"... los veinticinco del último mes del año, un niñito toda pureza, constantemente renovado de afecto y ternura, nos mira con premoniciones de eternidad..."


Aunque este año doloroso y crucial que nos ha tocado en suerte se vaya entre silencios, despedidas inesperadas y esperanzas forzosas, la Navidad nos vuelve a arrimar al abrazo y al casi inevitable lagrimón, invitando entre bambalinas a seguir viviendo y del mejor modo.


Todo parece reunirse esa noche fantástica en torno a nosotros, aunque hay que decir que el Dueño del Santo no suele estar presente en esos momentos en los brindis, la comida, los recuerdos.
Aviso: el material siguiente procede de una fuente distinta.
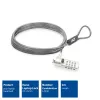 ACT Nano Laptop Lock z zamkiem szyfrowym, kabel 2 m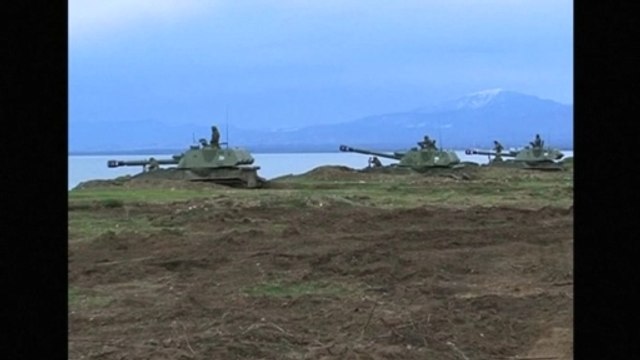 Russian troops hold military drills in Georgia's breakaway republic of Abkhazia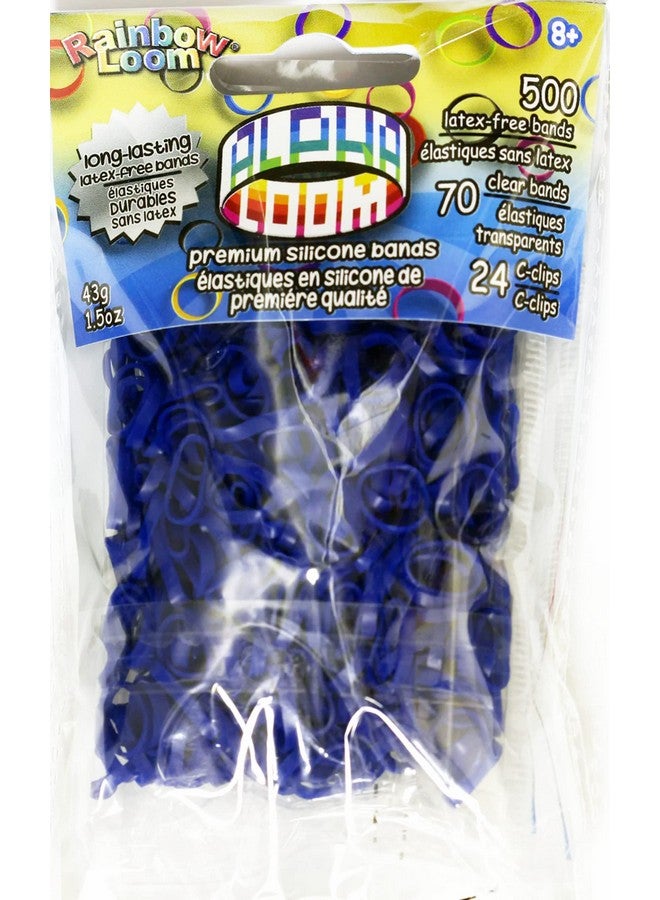 Rainbow Loom Alpha Bandsnavy Blue - Image 2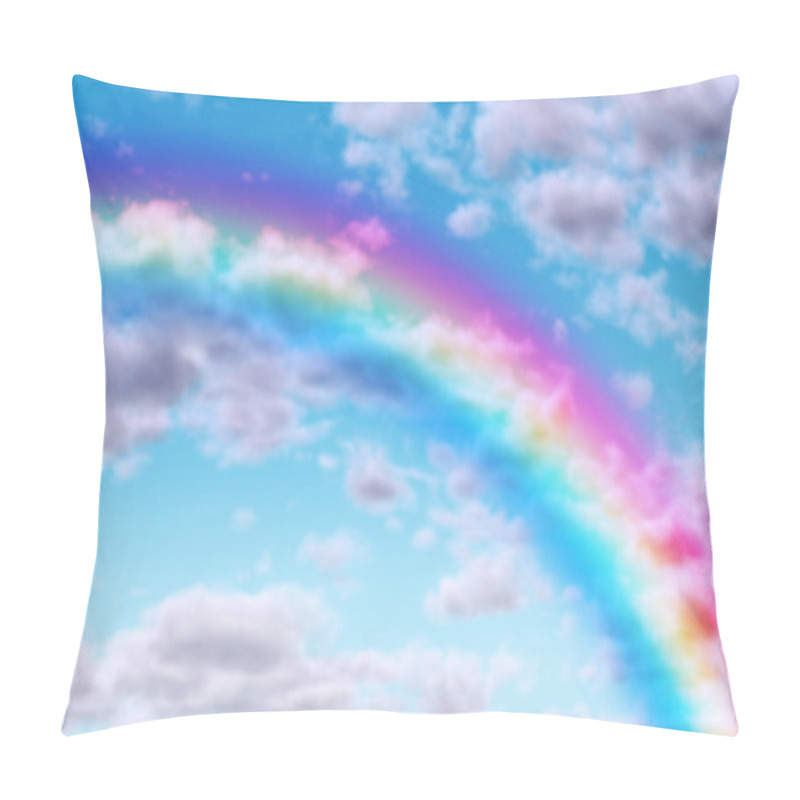 Personality  Rainbow Pillow Covers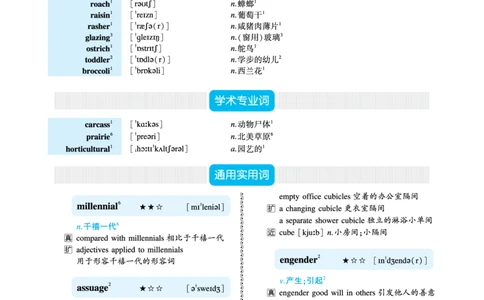 第一部分社会生活（第三板块超纲词）_考研英语真题_考研英语（二）历年真题_单词资料_英语二黄皮书词汇电子版（语境例句版）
De todos modos, creo que en el festejo, la exaltación de esa noche de la víspera, en el brillo de los ojos que miran extasiados a los hijos y los nietos o a la vejez gloriosa y apacible de la madre sentadita en un rincón, en alguna carcajada que se esfuma entre luces y guirnaldas, está presente, tan implícito como vivo, Aquel que en esos momentos no nombramos.


La Navidad es todo eso, hace ya infinidad de años, una mesa grande donde se sienta la vida a realizar inventarios, cicatrices y amores; donde, a las doce campanadas, hasta el más áspero, el más triste o el más solo se emocionan, lloran fantasías derogadas y amores conseguidos, sombras y candelas abandonadas en el camino y miran con el mejor flanco del alma las sendas a emprender desde las doce y algo, a pesar de algún pellizco al corazón que viene desde el pasado. Todo es mejor en Navidad; la felicidad y la melancolía tienen asiento y hora, allí han puesto sus reales para siempre, pero de un modo mágico, como los retazos de vida de un calidoscopio. 


Por un senderito azul que se desespera de vida y amores, surca la noche enamorada un trineo repleto de sueños nuevos y canciones ingenuas que se repiten desde antaño. A la vera de este escenario incomparable de la emoción, esta coincidencia milagrosa del amor universal que únicamente se repite los veinticinco del último mes del año, un niñito toda pureza, constantemente renovado de afecto y ternura, nos mira con premoniciones de eternidad y esa mirada que interroga y guía debiera ser suficiente para aspirar a ser mejores. Sueños e ingenuidad, desde un mundo exigido por emboscadas, intolerancia e injusticia, son los mejores argumentos para comenzar una nueva y mejor vida todos los veinticinco, cuando alguna iglesia cercana nos arrima desde su mejor cielo la sinfonía de su campanario.